Given entries —
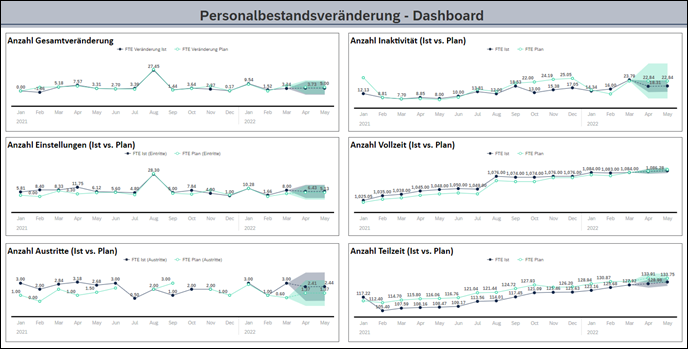 Human Resources Management, Dashboard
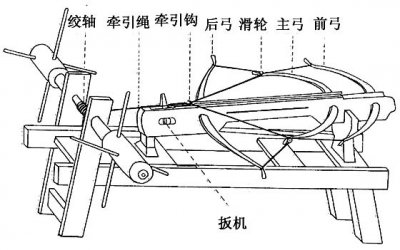三弓床弩 冷兵器中的意大利炮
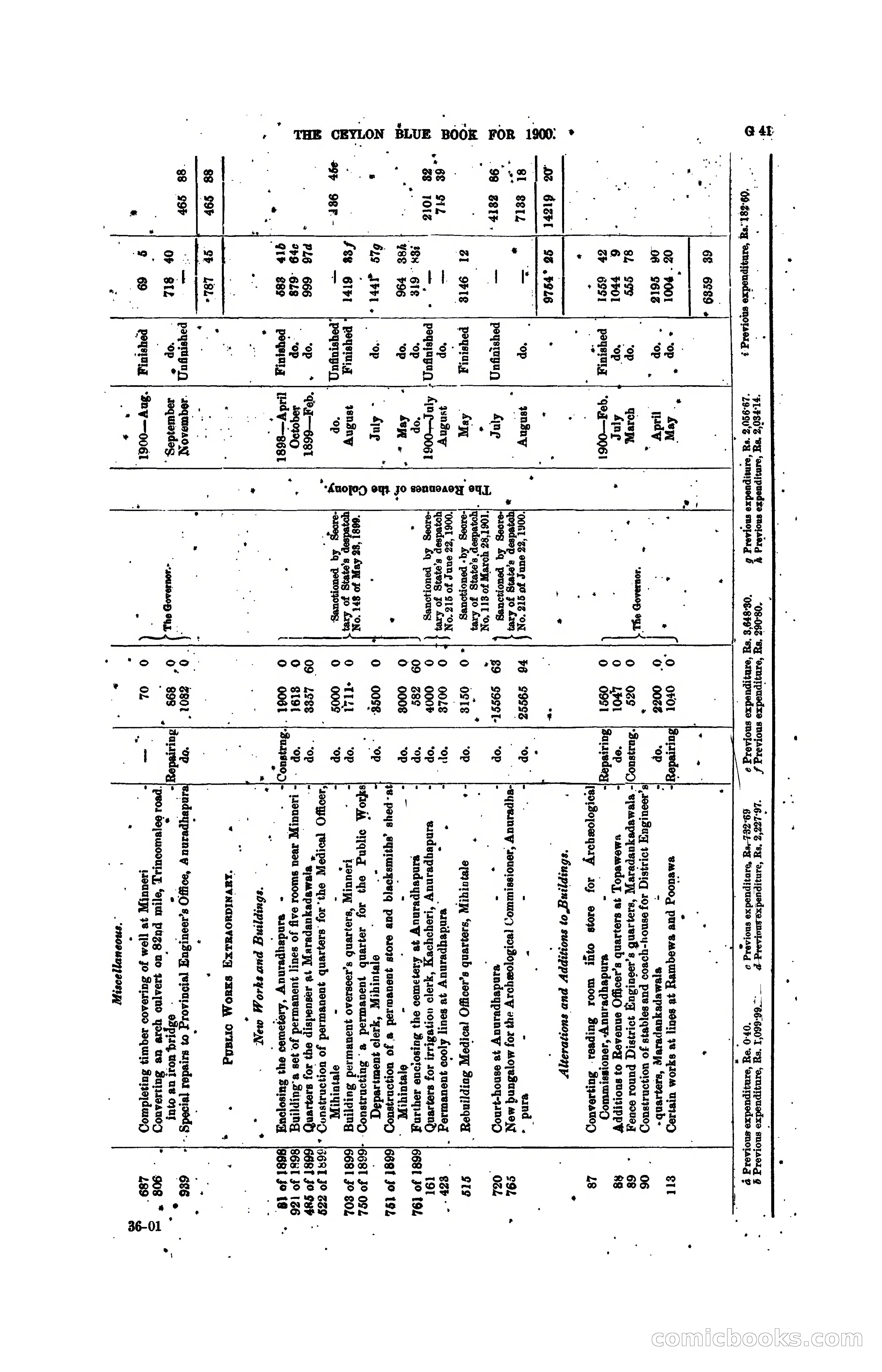 The Ceylon Blue Book, 1900 — page 167 of 400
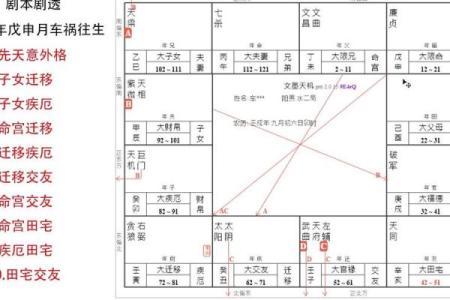 紫薇斗数鬼门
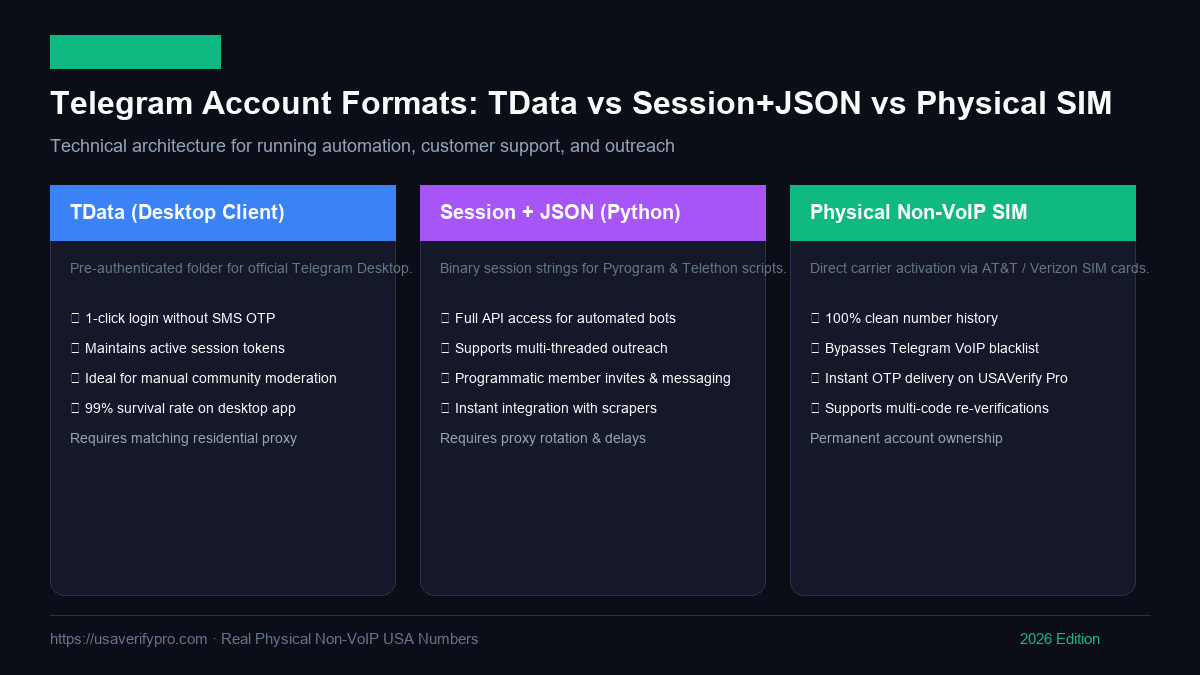 Telegram .Session vs TData Architecture and MTProto Authorization Flow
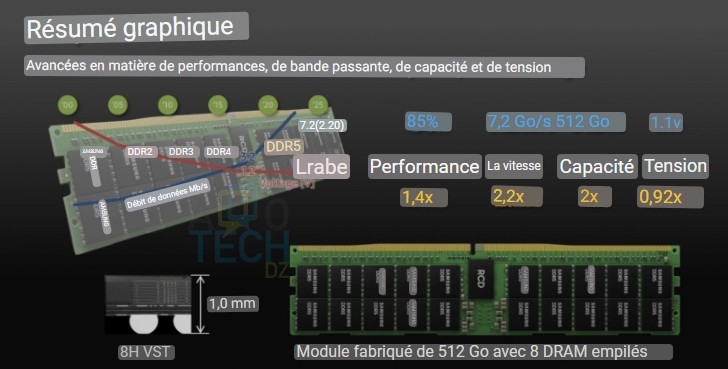 samsung-DDR5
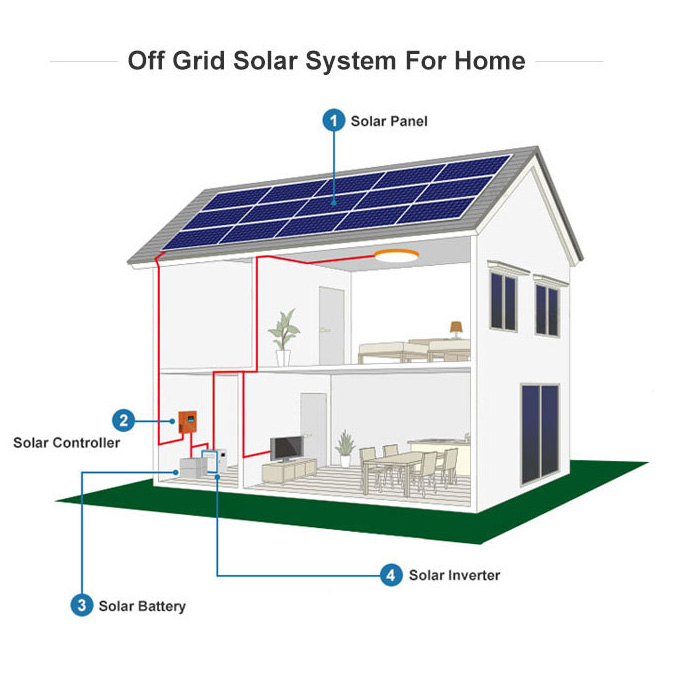 2018 new design 72Cells solar panel 500w home price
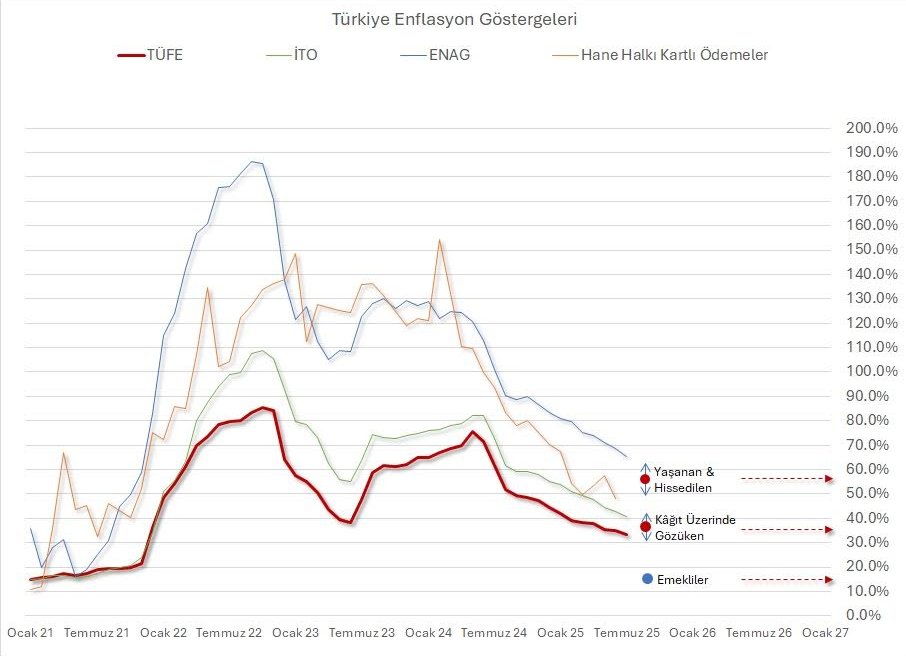 Toronto Üniversitesi Emeritus Profesörü Dr. Reşit Serpkenci Enflasyonu ölçen göstergelerle hazırladığı grafiği benimle paylaştı. Özellikle görünen, yaşanan, hissedilen ayrımları dikkat çekici. Ben de kendisinden izin alarak bu önemli grafiği sizinle paylaşıyorum:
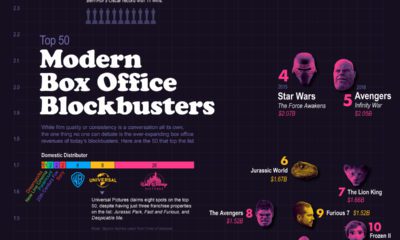 Animation  The Earnings of the Biggest Movie Franchises Over the Last 20 Years   Visual Capitalist - 66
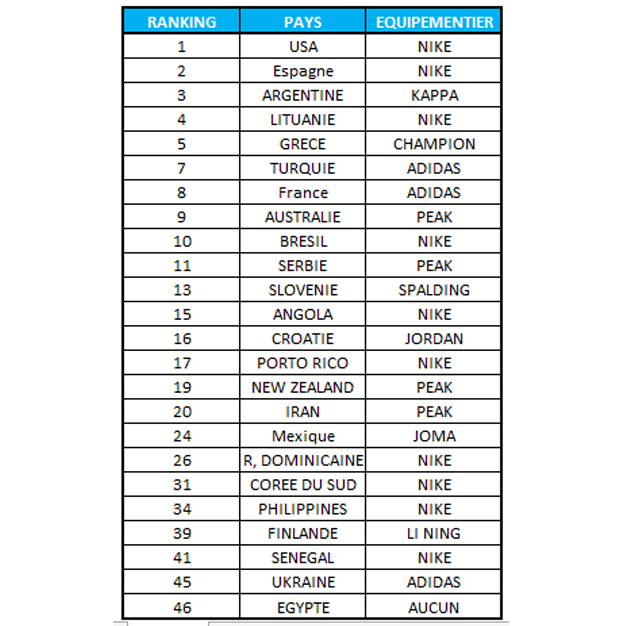 EQUIP MONDIAL BASKET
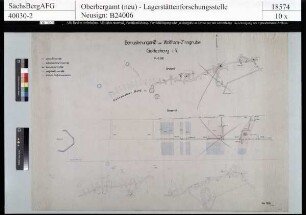 Wolfram-Zinngrube Gottesberg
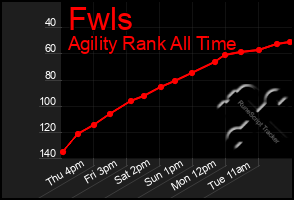 Total Graph of Fwls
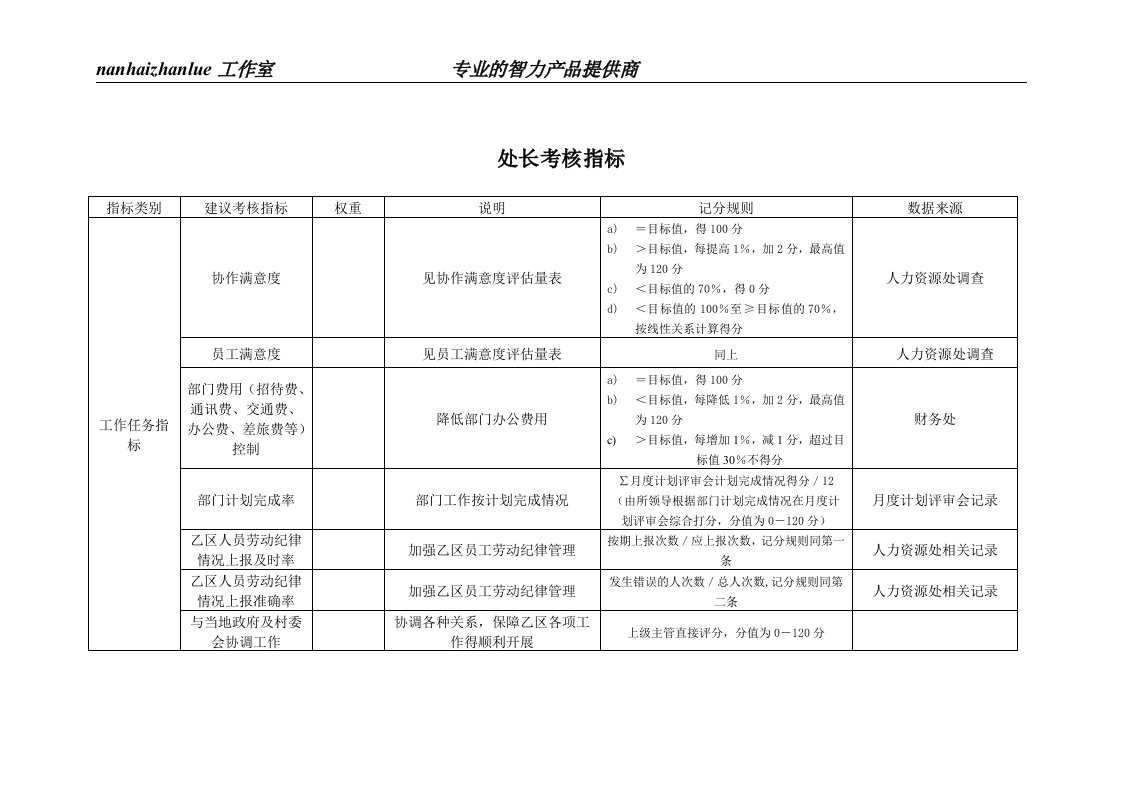 某工业研究所综合管理处处长考核指标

What is needed —
Output all the entries above verbatim, please. No images.

Answer to the exercise —
 Human Resources Management, Dashboard
三弓床弩 冷兵器中的意大利炮
 The Ceylon Blue Book, 1900 — page 167 of 400
 紫薇斗数鬼门
 Telegram .Session vs TData Architecture and MTProto Authorization Flow
 samsung-DDR5
 2018 new design 72Cells solar panel 500w home price
 Toronto Üniversitesi Emeritus Profesörü Dr. Reşit Serpkenci Enflasyonu ölçen göstergelerle hazırladığı grafiği benimle paylaştı. Özellikle görünen, yaşanan, hissedilen ayrımları dikkat çekici. Ben de kendisinden izin alarak bu önemli grafiği sizinle paylaşıyorum:
 Animation  The Earnings of the Biggest Movie Franchises Over the Last 20 Years   Visual Capitalist - 66
 EQUIP MONDIAL BASKET
 Wolfram-Zinngrube Gottesberg
 Total Graph of Fwls
 某工业研究所综合管理处处长考核指标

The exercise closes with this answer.